Hunter's family went away for the holidays for the first time since Cam had known them. He'd completely forgotten what it was like to be lonely until he saw the plane pulling away from gate C18 and he had to stand there on the other side of the windows and watch it taxi down the runway before fading into a speck of nothing against the sky. Twelve days before they came back. Twelve hours before Hunter would be anywhere near a phone, or, less likely, a computer. Twelve minutes before Cam remembered to turn away from the observation deck and make his way back downstairs so he could start home.
Spring break was a lot more fun. Hunter and Blake were going to some kind of motocross expo, alone, and Cam's parents let him go with them. They got to stay in a hotel and walk to the arena and watch TV as late as they wanted for three days straight. It was loud and free and full of greasy food and tacky souvenirs. School seemed a lot longer and more boring when they finally went back.
Grade 12
When he was nineteen he proofread Hunter's college application, told him he was staying close to home because of the money (the university had offered him a full scholarship while Cal Tech had only managed half) and because of the dojo (it was a family school and he was an only child), and made him choose a major before he started picking courses at random. Hunter whined and complained and mostly did what he was told. In return, he informed Cam, they were going to every end-of-the-year senior bash the school sponsored. Both of them.

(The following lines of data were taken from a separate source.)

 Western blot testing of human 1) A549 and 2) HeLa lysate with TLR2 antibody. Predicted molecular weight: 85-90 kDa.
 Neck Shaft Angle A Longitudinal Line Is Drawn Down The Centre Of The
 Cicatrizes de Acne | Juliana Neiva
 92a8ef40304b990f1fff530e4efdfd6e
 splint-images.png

Cam didn't realize how much of an issue this would turn out to be until the end of the year actually arrived. Hunter apparently considered anything with the word "senior" in the title to be part of the bargain, so they went to the Senior Lock-In, the Senior Skits (including rehearsals), and the Senior Bonfire (which was not school sponsored, but Cam didn't realize that until they were already there and beer started to circulate). They also participated in Senior Skip Day, went on the Senior Cruise, and of course, there was the Senior Prom. He tried, not very hard, to get out of this, but they were going as part of a group and Hunter had arranged it so there was nothing to do but dress up, dance, and pose for pictures.

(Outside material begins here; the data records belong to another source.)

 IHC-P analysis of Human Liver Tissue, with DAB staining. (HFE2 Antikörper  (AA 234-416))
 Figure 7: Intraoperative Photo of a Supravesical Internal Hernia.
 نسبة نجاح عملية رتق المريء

That was the one year that Blake shared the high school with them. It was also the last year that Cam tried to sneak out of the Awards Assembly so he didn't have to keep going up on the stage. It was the first year he and Hunter swapped academic and motocross trophies to see if anyone would notice (they did) and the year they switched jobs for a day to see if anyone would complain (they didn't). It was the year they decorated their mortarboards for graduation, lost them in the chaos afterwards, and went out with both their families to celebrate.
Post Secondary
The next year was the one where they moved in together. College turned out to be a lot like the motocross expo all year long, except with less motocross and more TV. And when Hunter slapped a "Safe Zones" sticker on their door and a rainbow pin on his bag, their relationship suddenly got a lot more interesting.